[DATA SECTION]

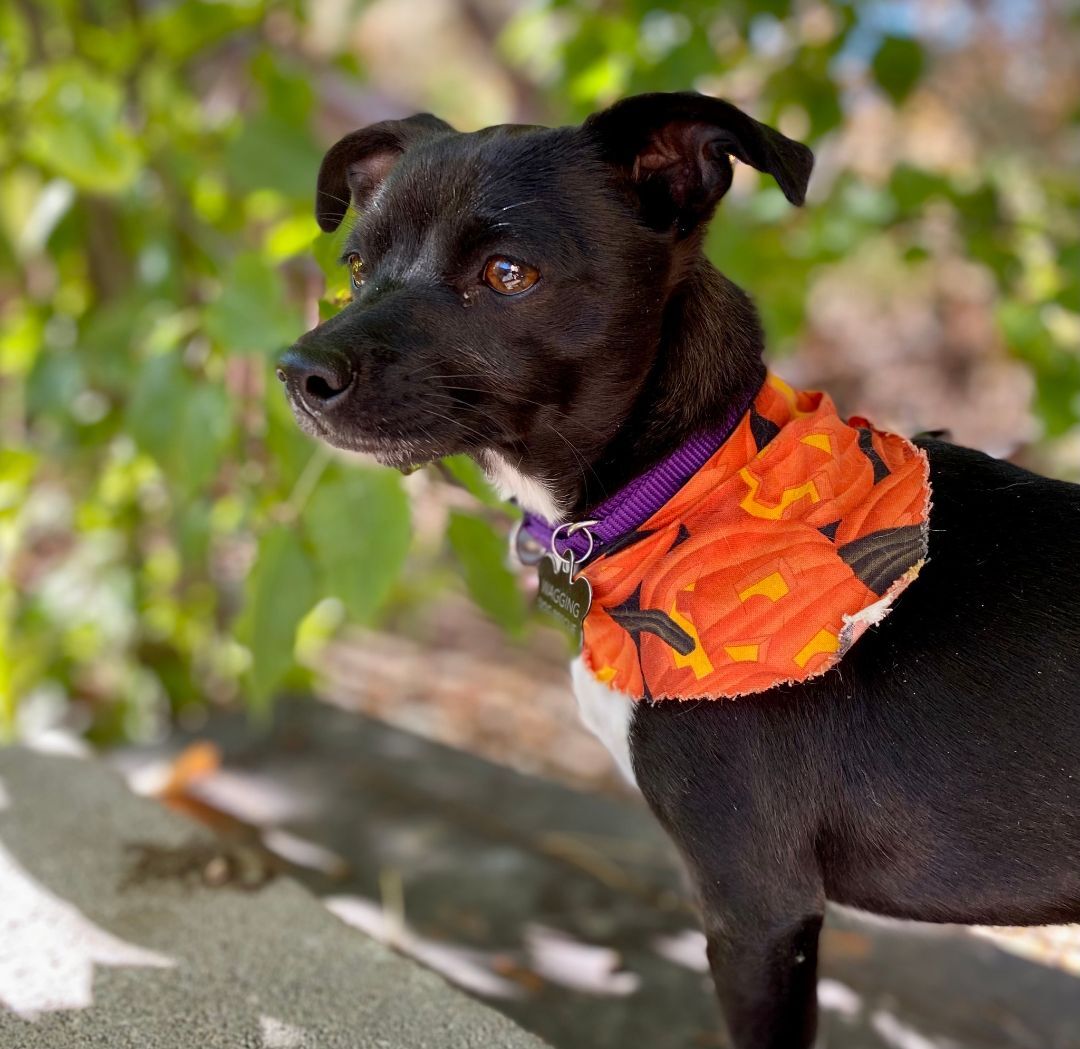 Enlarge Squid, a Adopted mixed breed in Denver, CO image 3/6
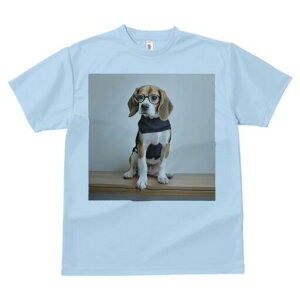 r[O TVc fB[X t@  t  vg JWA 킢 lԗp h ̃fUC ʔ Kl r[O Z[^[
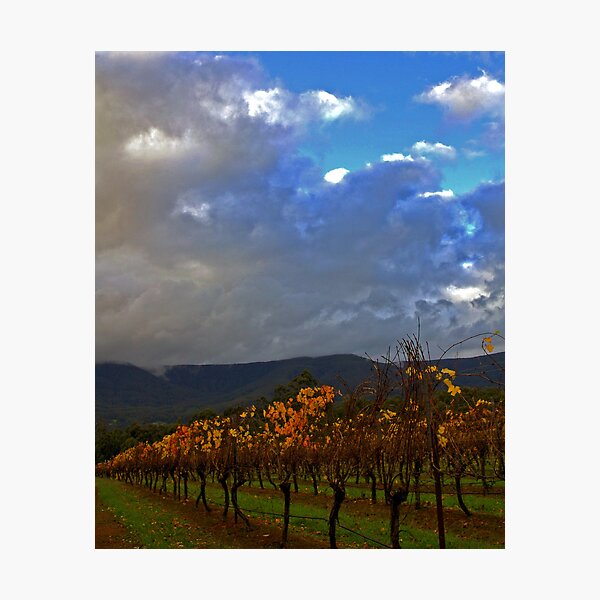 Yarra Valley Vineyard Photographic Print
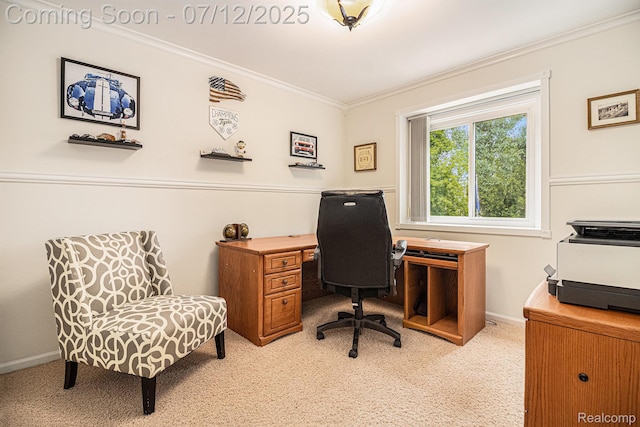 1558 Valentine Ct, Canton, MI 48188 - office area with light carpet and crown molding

[/DATA SECTION]

▸ **REQUIRED WORK**
Once you find the line that contains "Yarra Valley Vineyard Photographic Print", give it again along with every later line through the end of the data, word for word, minus the pictures.

▸ **RESULT FOR THIS EXERCISE**
 Yarra Valley Vineyard Photographic Print
 1558 Valentine Ct, Canton, MI 48188 - office area with light carpet and crown molding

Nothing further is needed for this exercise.